The city's Municipal Building Initiative (MBI) aims to improve energy efficiency in all municipal buildings by upgrading lighting, heating and ventilation, air conditioning, and arena ice plant systems while reducing GHG emissions and improving comfort and safety. Fredericton's City Hall, retrofitted under the MBI initiative, garnered national attention in 2011 when the Toronto and Region Conservation Authority named it one of the most energy-efficient municipal buildings in the country (fifth of 60 buildings) as part of its Town Hall Challenge.


  • Eighteen buildings retrofitted between 1999 and 2001, including City Hall, library, fire and police stations
  • Energy efficiency improvements save 457,000 kilowatt-hours of electricity annually
  • GHG emissions from city facilities fell by 30 per cent between 2000 and 2008


  • Energy-efficient buildings are less expensive to operate and maintain — city expects upgrades will save 20-25 per cent in costs over the next 20 years
  • Many MBI upgrades have already been paid back


  • LED traffic signals are more reliable and have enhanced road safety
  • Low-emission paints reduce exposure to hazardous chemicals and make disposal safer and easier

Ammonia Heat Recovery System

In 2010, the city installed an ammonia heat recovery system at the Lady Beaverbrook Rink, the first of its kind in a Canadian city arena. The ammonia used to make ice passes through a heat exchanger coil embedded in a water-holding tank so that it releases some of its heat to the water.
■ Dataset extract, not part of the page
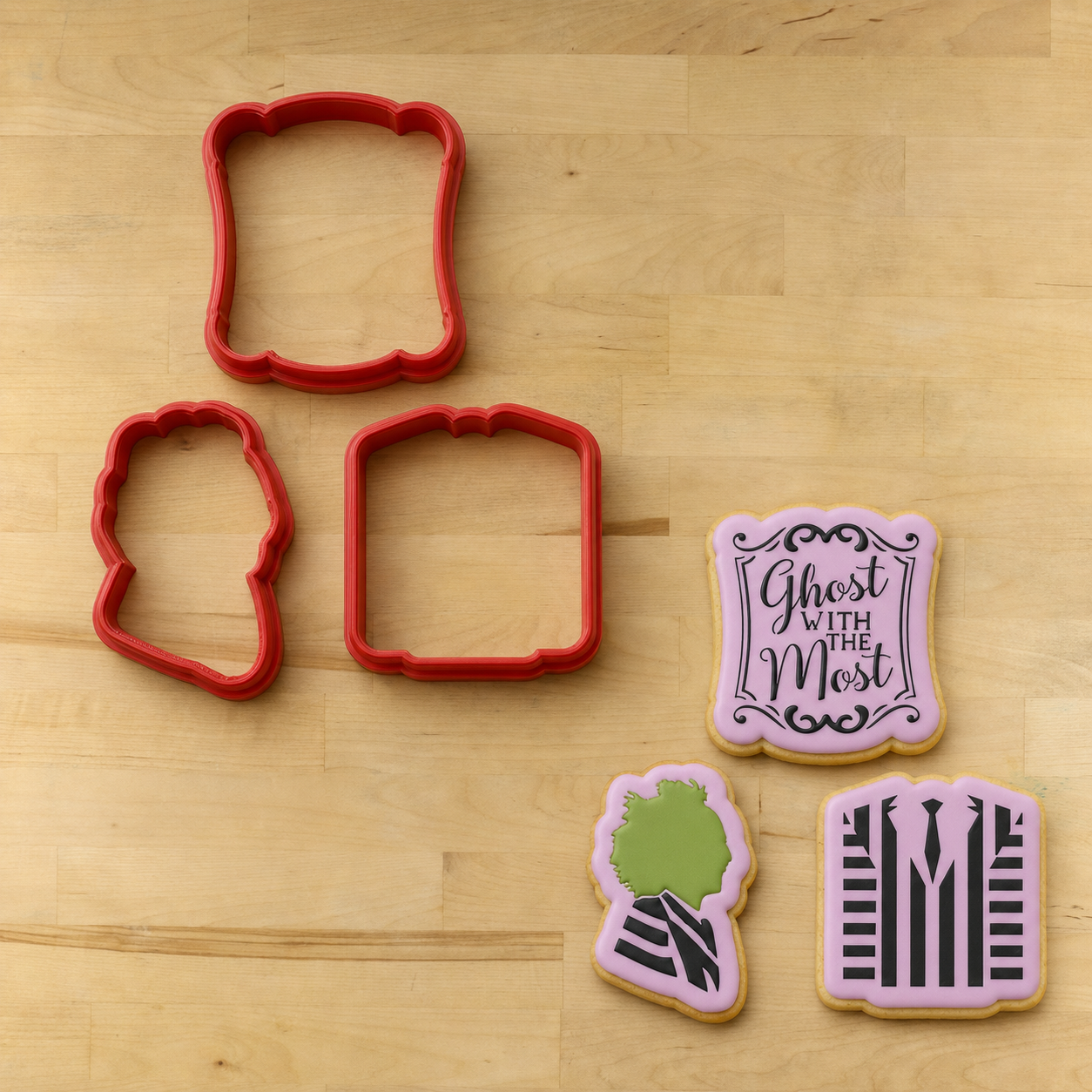 Beetlejuice Cookies next to their matching cookie cutters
The preheated water is fed to the rink's natural gas boiler to supplement the energy needed to reach the required temperature.


  • GHG emissions reduced about 35 tonnes per year
  • Reduced load on existing evaporating condensers reduces water consumption 


  • Annual water heating costs have been cut by more than half
  • Project costs of $76,000, combined with annual savings of $13,000, result in a simple payback of  five -and-a-half years   


  • Lowering emissions improves local air quality
  • The city used a local company (based in Moncton) to supply and install the unit


  • Fredericton is not growing as fast as other municipalities; its low population density increases infrastructure costs and makes it difficult to deliver services efficiently.
  • Water and wastewater are still priority areas for the city. Significant GHG reductions rely heavily on public and business participation, and on success in promoting sustainable building design with features such as grey water systems, low-flow devices and other mechanisms.

Lessons learned

  • Municipalities should consider all components of their building portfolio and plan sustainability upgrades appropriately to maximize return on investment.
  • By seeking innovative approaches to energy use, and making internal changes first, the city not only reduced costs and its carbon footprint, but also set a positive example for citizens.